Sebelum Love, sebelum DeMar DeRozan, aturan tak terucapkan liga itu sederhana: pisahkan. Pemain adalah mesin, diharapkan tampil terlepas dari kekacauan di dalam. Anda datang, Anda bermain, Anda menang. Apa pun selain itu adalah alasan, retakan pada baju zirah.
Keberanian Love, yang merinci perjuangannya dengan kecemasan dan depresi, tidak hanya memberinya berita utama; itu memberinya solidaritas. Rekan satu tim, rival, dan penggemar melihat seorang superstar bergulat dengan sesuatu yang sangat manusiawi. Itu adalah izin bagi orang lain untuk mengakui perjuangan mereka sendiri.
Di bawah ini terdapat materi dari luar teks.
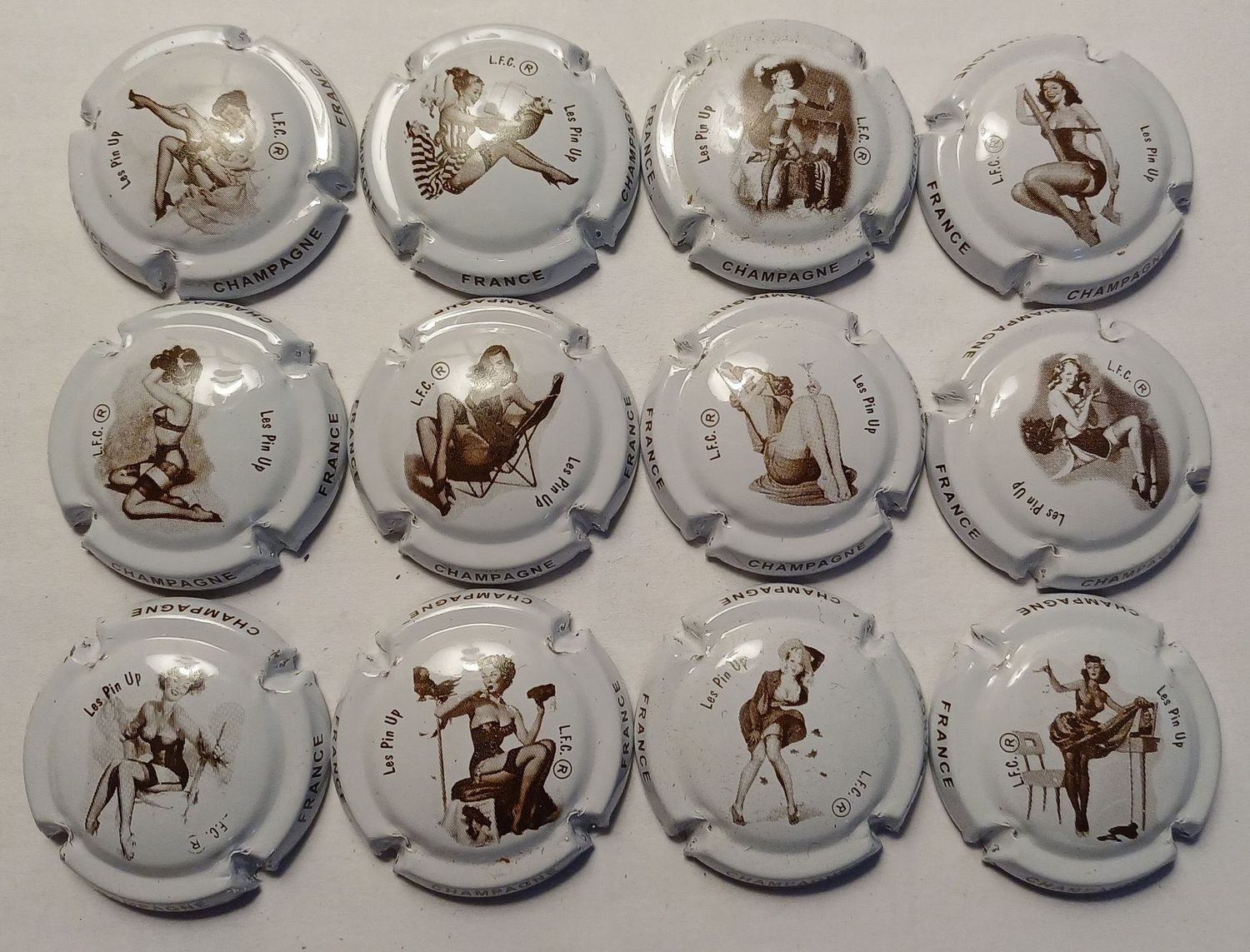 12 BELLES CAPSULES CHAMPAGNE GENERIQUE PIN UP REF N°773b a 773bk NEWS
DeMar DeRozan segera menyusul, mencuit pada Februari 2018, "Depresi ini menguasai dirikuβ¦" Cara santai, hampir acuh tak acuh dia menjatuhkan pernyataan yang begitu mendalam itu berbicara banyak. Ini adalah bintang lain, tidak hanya mengakui kerentanan, tetapi melakukannya dengan kejujuran mentah yang melewati pernyataan yang disetujui humas.
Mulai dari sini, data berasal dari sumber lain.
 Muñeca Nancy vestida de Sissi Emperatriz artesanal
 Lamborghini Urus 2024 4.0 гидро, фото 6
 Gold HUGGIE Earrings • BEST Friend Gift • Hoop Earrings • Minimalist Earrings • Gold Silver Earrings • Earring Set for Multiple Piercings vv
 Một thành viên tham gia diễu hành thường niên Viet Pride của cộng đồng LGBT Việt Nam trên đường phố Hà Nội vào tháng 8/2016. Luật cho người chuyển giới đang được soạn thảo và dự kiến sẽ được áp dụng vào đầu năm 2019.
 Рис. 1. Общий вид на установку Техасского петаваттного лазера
Dampaknya segera dan nyata. NBA, yang sering dikritik karena lambat dalam masalah sosial, bergerak dengan kecepatan yang mengejutkan. Dalam beberapa bulan setelah pengungkapan publik Love dan DeRozan, liga mewajibkan semua 30 tim untuk memiliki profesional kesehatan mental berlisensi di staf. Ini bukan saran; itu adalah arahan.
Bandingkan ini dengan NFL, liga yang masih bergulat dengan cara mengatasi efek kesehatan mental jangka panjang dari trauma kepala, atau bahkan MLB, yang baru secara resmi mewajibkan personel kesehatan mental pada tahun 2020. NBA, untuk sekali ini, memimpin.
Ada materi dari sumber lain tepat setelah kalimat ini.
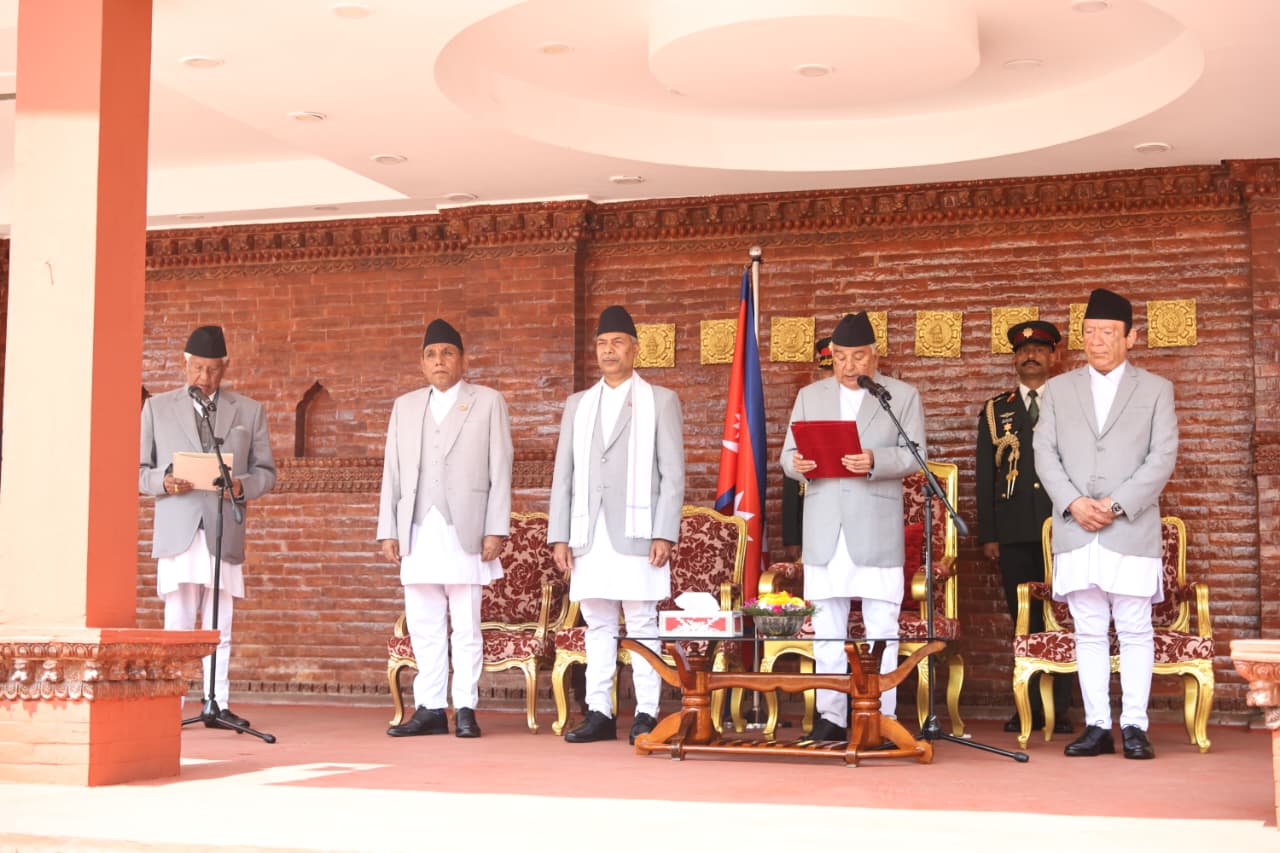 अर्जुननरसिंह केसीले लिए शपथ, सभामुख चयन नहुँदासम्म संसद् सञ्चालन गर्ने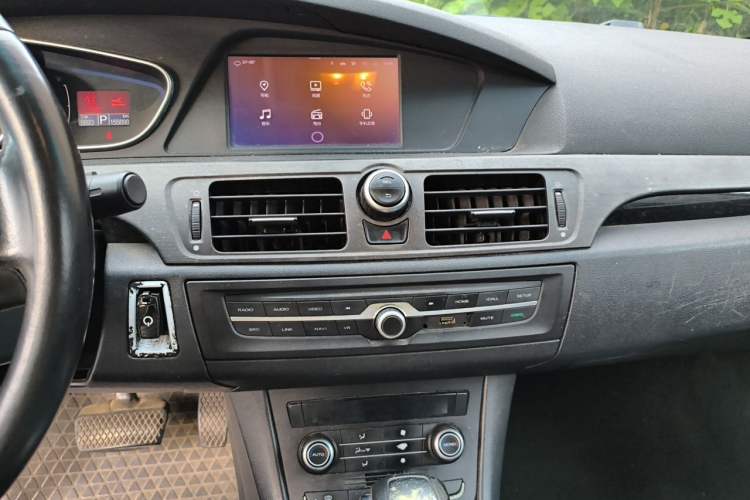 Used Roewe e550 2014 Luxury Edition Audio And AC Panel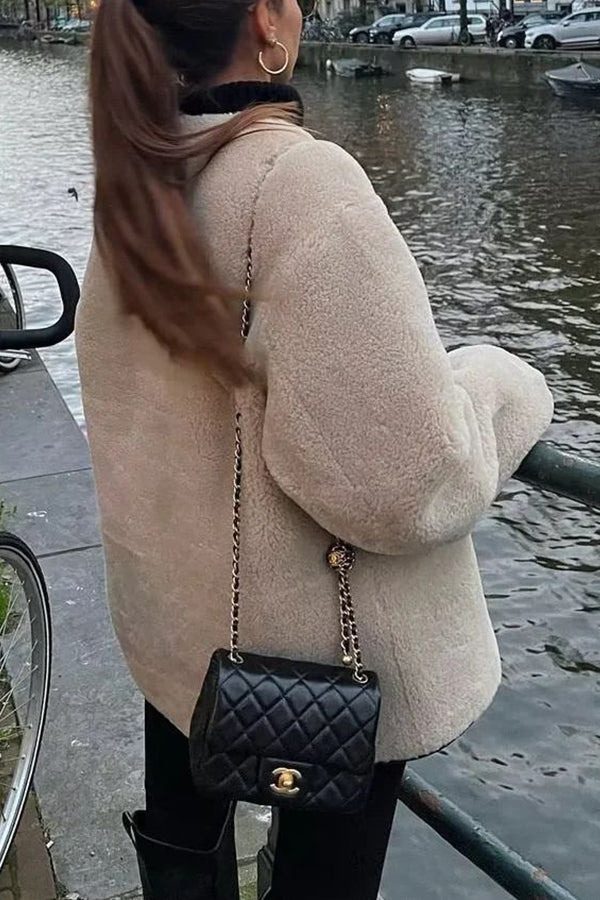 Beautifully Finished Coat in a Timeless Design
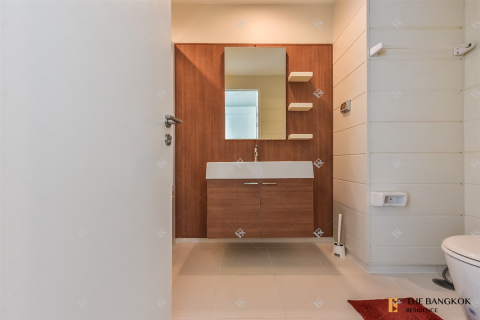 Condominio de 2 dormitorios en Bangkok, Tailandia № 233514 - foto 8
Pergeseran ini bukan hanya tentang menyediakan sumber daya; itu tentang destigmatisasi. Ketika dua atlet sukses berprofil tinggi berbicara secara terbuka, itu menular. Tiba-tiba, pemain yang lebih muda merasa lebih nyaman mencari bantuan. Panutan telah menunjukkan jalan kepada mereka, membuktikan bahwa kerentanan bukanlah pembunuh karier, melainkan jalan menuju kekuatan yang lebih besar.
Lihatlah angka-angkanya: sebuah studi tahun 2019 yang diterbitkan di Journal of Sports Sciences menemukan bahwa atlet profesional mengalami masalah kesehatan mental pada tingkat yang mirip dengan populasi umum, dengan kecemasan dan depresi menjadi yang paling umum. Namun, begitu lama, budaya mendikte keheningan. Love dan DeRozan menghancurkan itu.
Advokasi mereka tidak berkurang. Love meluncurkan Kevin Love Fund, yang didedikasikan untuk kesadaran kesehatan mental. DeRozan terus berbicara secara jujur tentang perjalanannya. Mereka bukan hanya pemain bola basket lagi; mereka adalah pionir dalam percakapan yang kritis.
"Revolusi kesehatan mental" NBA belum selesai, tetapi tentu saja sedang berlangsung. Liga sekarang memiliki program kesehatan mental yang komprehensif, pemeriksaan rutin, dan lingkungan di mana berbicara tentang perjuangan Anda semakin dilihat sebagai tanda kesadaran diri, bukan kelemahan. Dan inilah pendapat panasnya: dalam lima tahun ke depan, kita akan melihat seorang NBA All-Star saat ini mengambil cuti di tengah musim, secara eksplisit mengutip kesehatan mental, dan liga tidak hanya akan mendukungnya tetapi merayakannya sebagai tanda kepemimpinan sejati.